In response to the news that the port of Boston would be closed under the Boston Port Act, an advertisement was posted at the Coffee-house on Wall-street in New York City, a noted place of resort for shipmasters and merchants, inviting merchants to meet on May 16, 1774 at the Fraunces Tavern "in order to consult on measures proper to be pursued on the present critical and important situation."[14] At that meeting, with Isaac Low as chair, they resolved to nominated a fifty-member committee of correspondence to be submitted to the public, and on May 17 they published a notice calling on the public to meet at the Coffee-house on May 19 at 1:00PM to approve the committee and appoint others as they may see fit.[15] At the meeting on May 19, Francis Lewis was also nominated and the entire Committee of Fifty-one was confirmed.[16]

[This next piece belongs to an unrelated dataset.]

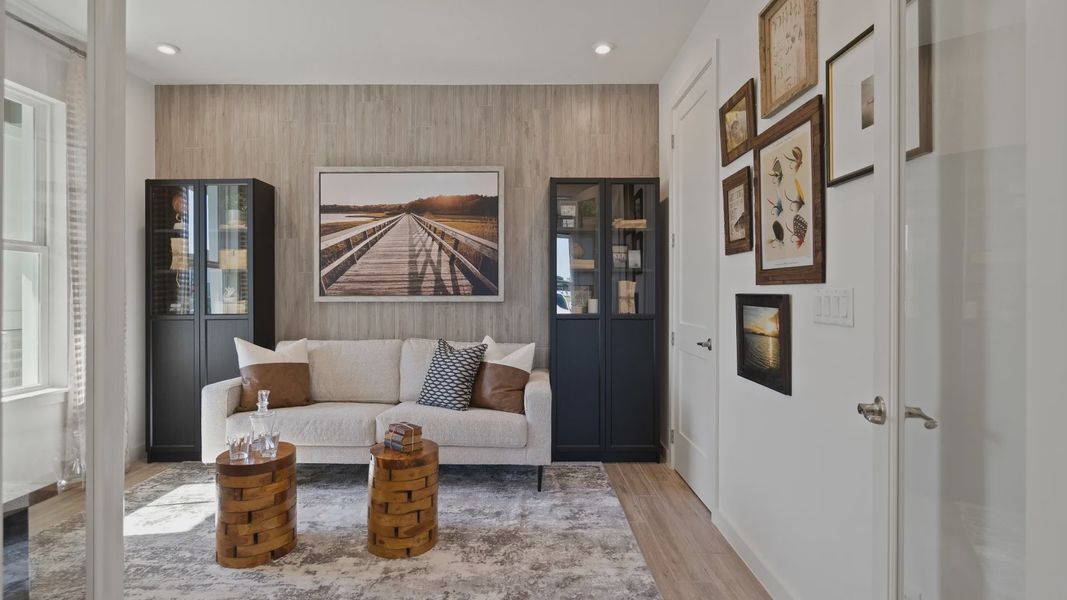 Front flex space/office with doors in a DRB Home Clementine model at the Trinity Place community.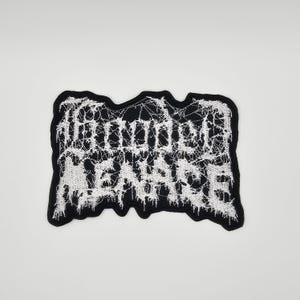 Può includere: Una toppa ricamata in bianco e nero con la scritta "THUNDER MANIFEST". La toppa ha un bordo nero e il testo è in un carattere gotico. Il design è dettagliato e intricato.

Fraunces Tavern in Lower Manhattan, meeting place of the "Committee of Fifty" on May 16, 1774

On May 23, the committee met at the coffee-house and appointed Isaac Low as permanent chairman and John Alsop as deputy chairman.[17] The committee then formed a subcommittee which reported a letter in response to the letters from Boston, calling for a "Congress of Deputies from the Colonies" to be assembled (which became known as the First Continental Congress), which was approved by the committee.[18] On May 30, the Committee formed a subcommittee to write a letter to the supervisors of the counties of New York to exhort them to also form similar committees of correspondence, which letter was adopted on a meeting of the Committee on May 31.[19]

On July 4, 1774, a resolution was approved to appoint five delegates contingent upon their confirmation by the freeholders of the City and County of New York, and request that the other counties also send delegates.[20] Isaac Low, John Alsop, James Duane, Philip Livingston, and John Jay were then appointed, and the public of the City and County was invited to attend City Hall and concur in the appointments on July 7.[21] This caused friction with the more radical Sons of Liberty (Committee of Mechanics) faction, who held the Meeting in the Fields on July 6.[22] Three counties (Westchester, Duchess, and Albany) acquiesced to the five delegates, while three counties (Kings, Suffolk, and Orange) sent delegates of their own.[23]

Other colonies

By July 1773, Rhode Island, Connecticut, New Hampshire, and South Carolina had also formed committees.

With Pennsylvania's action in May 1774 all of the colonies that eventually rebelled had such committees.[24]

The colonial committees successfully organized common resistance to the Tea Act and even recruited physicians who wrote drinking tea would make Americans "weak, effeminate, and valetudinarian for life."

These permanent committees performed the important planning necessary for the First Continental Congress, which convened in September 1774. The Second Congress created its own committee of correspondence to communicate the American interpretation of events to foreign nations.

These committees were replaced during the revolution with Provincial Congresses.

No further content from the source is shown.